The gender of the provider, too, can impact care. Recent studies have shown that patients of female doctors tend to have better outcomes than those cared for by male doctors. Speculation as to why has ranged from females being better listeners to their having a higher baseline level of compassion and empathy. Grey thinks it might come down not to a difference in how women doctors act but in how they are perceived.

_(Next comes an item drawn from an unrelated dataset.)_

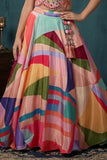 Multicolor Mirrorwork Crop Top & Printed Flared Lehenga Set for Girls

“Sometimes I enter a room, and a patient might assume I’m a nurse,” she says. “They’ll say what they’re really thinking. They won’t try to be polite.” The hospital staff treats women doctors differently, too, Grey says. Nurses tend to page her more than her male colleagues with the same title and status, perhaps feeling that the male doctors are too important to bother. “It’s a tiny difference, but it might make a difference in my patients’ outcomes,” Grey says. “I don’t think it’s that women doctors are necessarily more compassionate or better listeners, but it’s more about how we’re treated and valued, which is a benefit for our patients.”
Here, at least, it might make sense to reverse the historical pattern and to apply lessons from the female experience to the male. Don’t treat female doctors the same as men, but treat male doctors more like we treat their women colleagues: as approachable, accessible, and human.